[PATCH 2/2] riscv: Eagerly flush in flush_icache_deferred()

Wed Aug 14 17:34:19 PDT 2024

> <---- Thread 1 starts running here on CPU1
> 
> <---- Thread 2 starts running here with same mm
> 
> T2: prctl(PR_RISCV_SET_ICACHE_FLUSH_CTX, PR_RISCV_CTX_SW_FENCEI_ON, PR_RISCV_SCOPE_PER_PROCESS);
> T2: <-- kernel sets current->mm->context.force_icache_flush to true

Mmh, TBH, I'm not sure how this patch is supposed to fix the race in
question:

For once, AFAIU, the operation

T2: cpumask_setall(&current->mm->context.icache_stale_mask)
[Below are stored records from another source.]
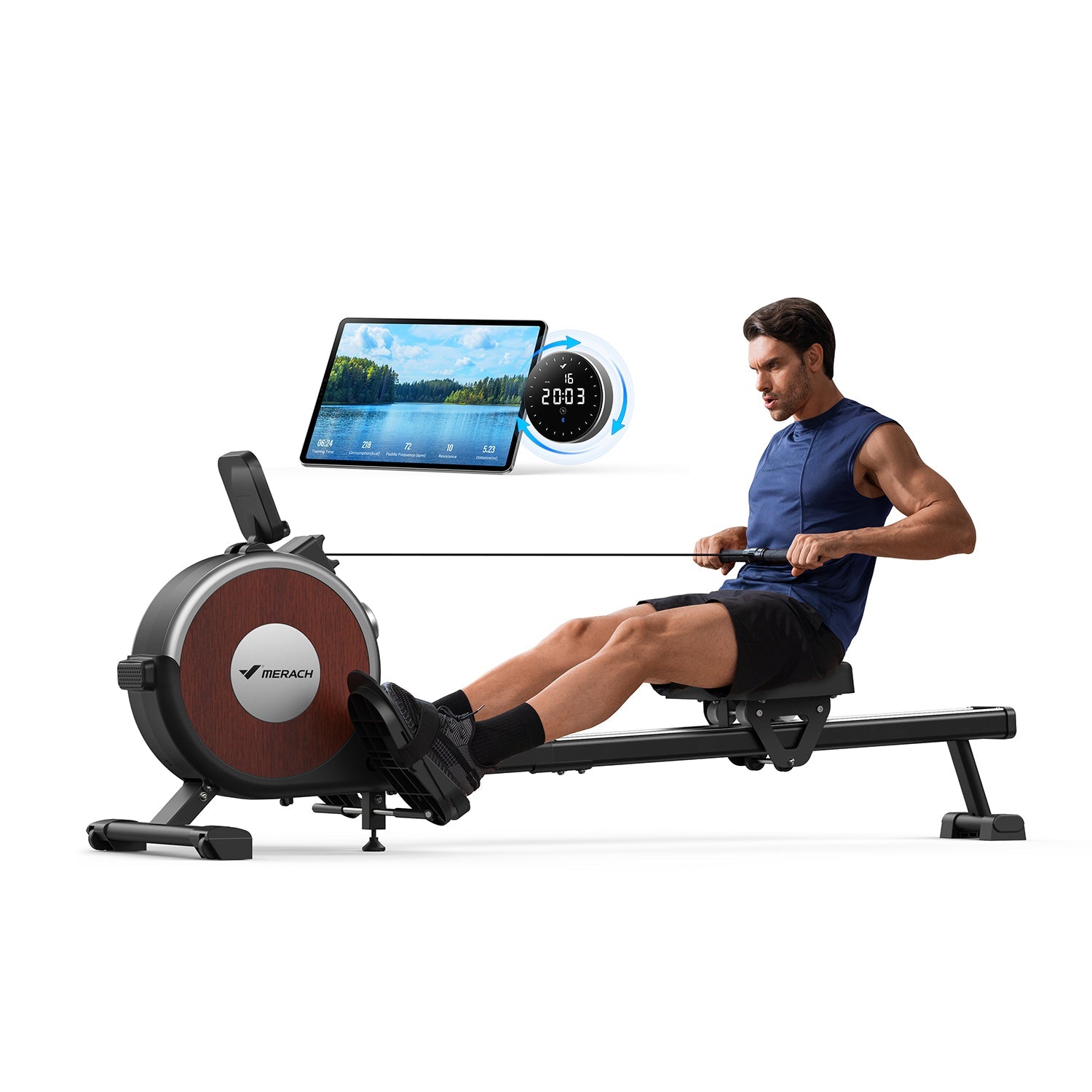 Merach Q1S Pro Magnetic Rowing Machine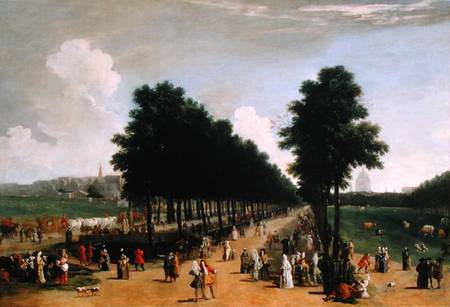 View of the Mall and St. James's Park à Marco Ricci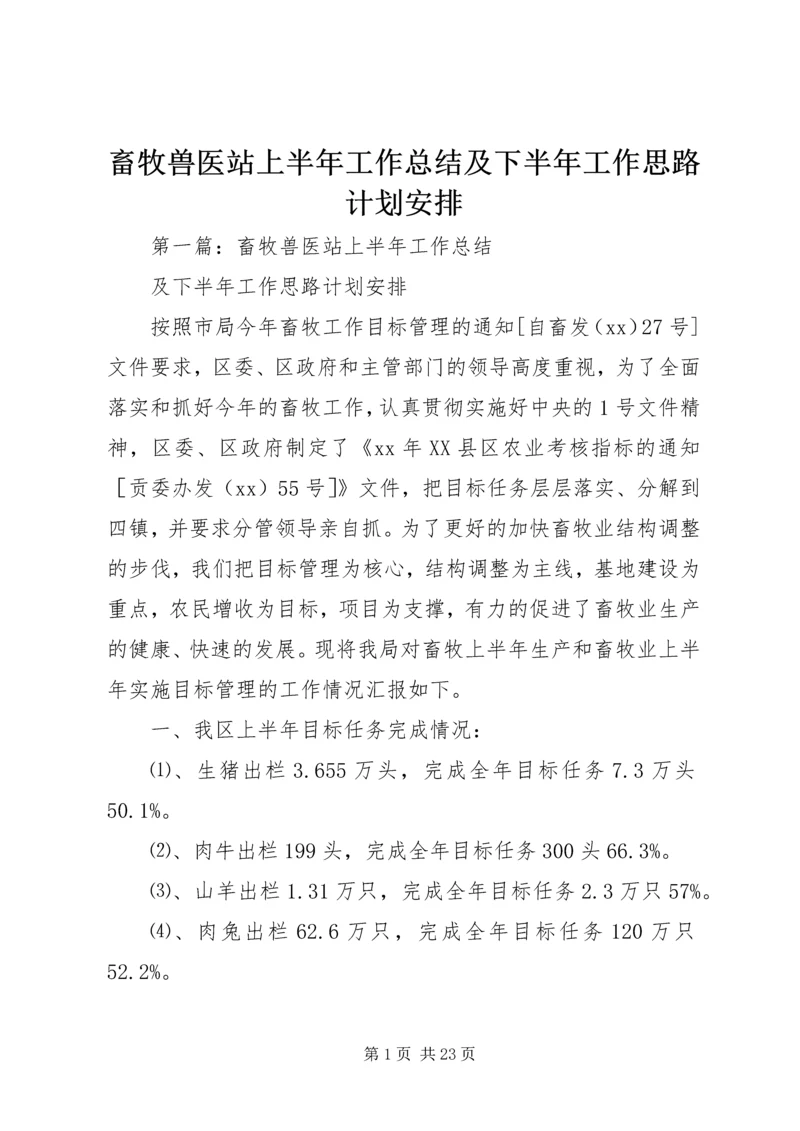 畜牧兽医站上半年工作总结及下半年工作思路计划安排.docx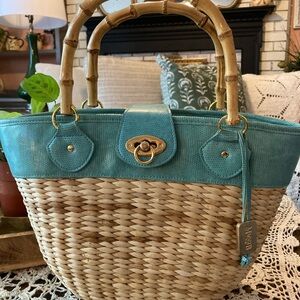 Maggie Barns wicker woven handbag like New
(on CPU2?) you've added with this patch...

> T2: <modification of instructions>
> T2: fence.i
> 
> T1: fence.i (to synchronize with other thread, has some logic to
>              determine when to do this)
> T1: <-- thread 1 is preempted
> T1: <-- thread 1 is placed onto CPU3 and starts context switch sequence
> T1 (kernel): flush_icache_deferred() -> skips flush because switch_to_should_flush_icache() returns true

... does _not_ ensure that T1: flush_icache_deferred() on CPU3 will
observe/read from that operation: IOW,

T1: cpumask_test_and_clear_cpu(cpu, &mm->context.icache_stale_mask)

may still evaluate to FALSE, thus preventing the FENCE.I execution.

Moreover, AFAIU, ...

> 				     -> thread has migrated and task->mm->context.force_icache_flush is true
> 
> T2: prctl(PR_RISCV_SET_ICACHE_FLUSH_CTX, PR_RISCV_CTX_SW_FENCEI_OFF, PR_RISCV_SCOPE_PER_PROCESS);

... moving the operation(s)

T2: set_icache_stale_mask()
	T2: cpumask_setall(&current->mm->context.icache_stale_mask)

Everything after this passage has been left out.